At last weeks budo tournament in Tokyo’s Meijijingu grand shrine I saw this procession of archers making their way from the shrine ceremony to the archery, kyudo, range or dojo. There had been a big tournament and hundreds of archers had been ranked and tested. Unfortunately as much as I wanted I wasn’t able to gain access to the archery range itself. Maybe next year! They are wearing ceremonial clothes and carrying shrine ornaments and holy bows. Of course I couldn’t help myself from taking snapping a photo of a little boy eager to test his running skills next to the procession. Don’t worry, his mother was right behind him!

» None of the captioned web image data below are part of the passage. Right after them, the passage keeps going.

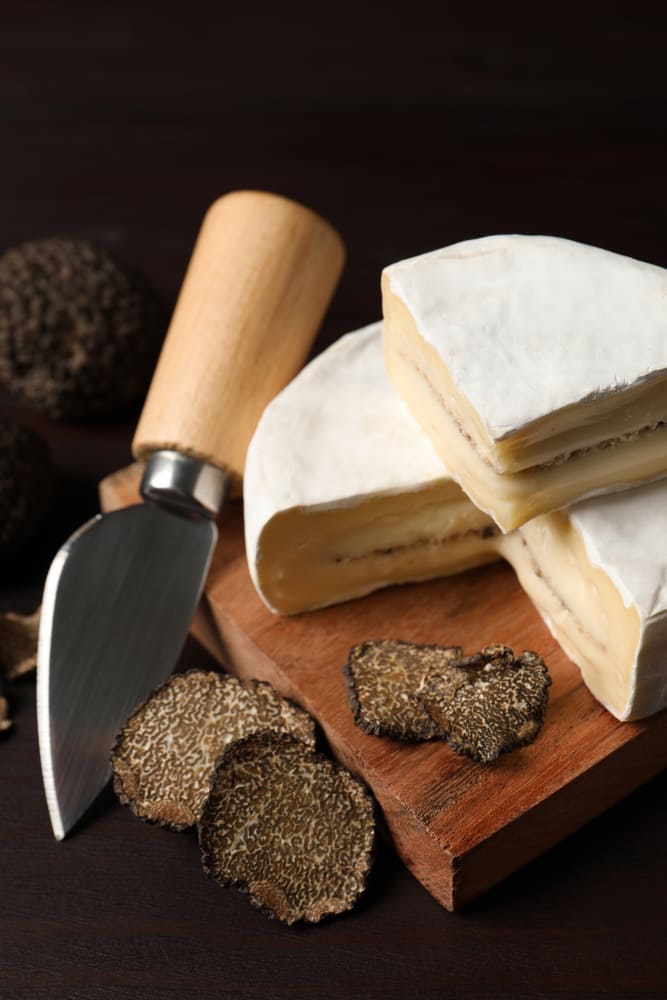 brillat-savarin-truffe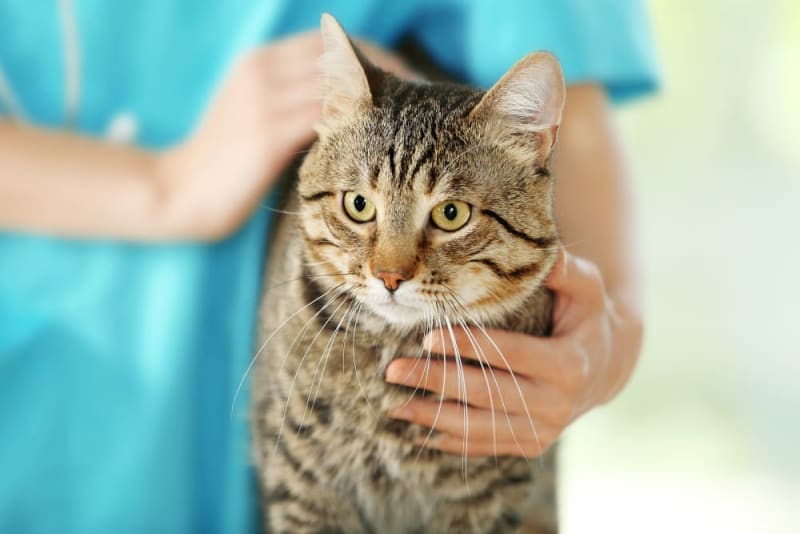 fvrcp-cat-vaccine-what-is-it-how-much-does-it-cost-kinston-vets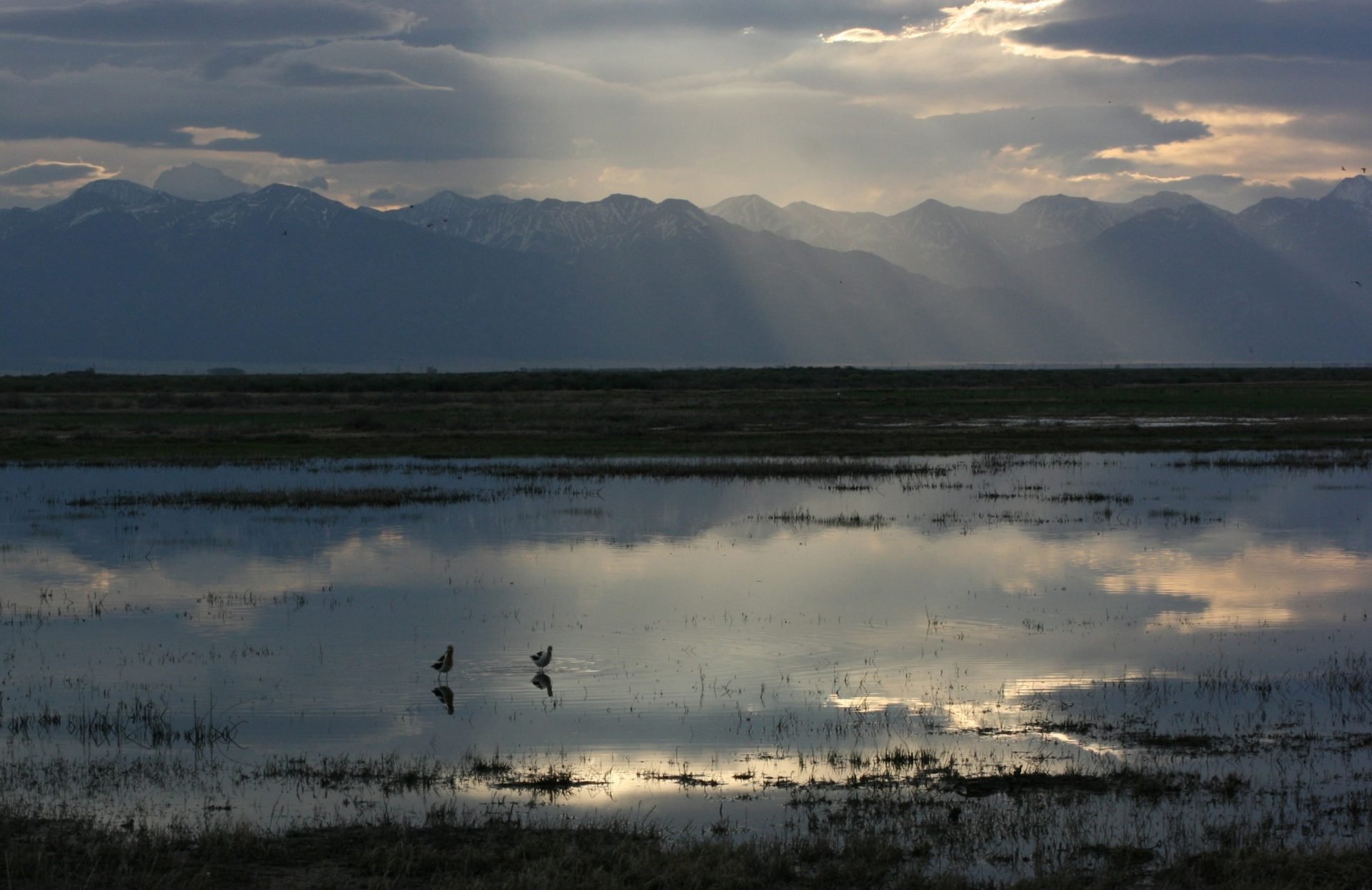 Avocets hunt in San Luis Valley wetland with a backdrop of mountains and filtered sunlight.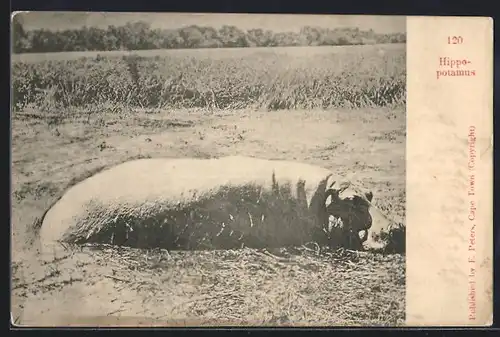 AK Nilpferd liegend in der Sonne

At the ancient martial arts festival in Tokyo’s Meijijingu Shrine yesterday I saw many more variations of Kobudo than I have ever seen in my life. The Kobudo is the ancient form of ordinary Budo, which includes modern Karate, Kendo, Judo, Aikido, Kyudo etc., which is called Shinbudo or Gendaibudo or just Budo. All of the Kobudo predate 1868 and are generally fiercer more combat-like with the express purpose of actually winning a battle, hence the sometimes sneaky methods like throwing a knife before drawing your sword to engage the enemy, or female combatants using weighted chains to ensnare enemy warriors. But the most photogenic weapons is as always the Japanese sword, the katana. Here are some of the participants demonstrating cutting techniques on rolled up mats. I am not very good at kobudo or budo, but I am sure someone would be able identify the particular school or technique they are using from just seeing these photos.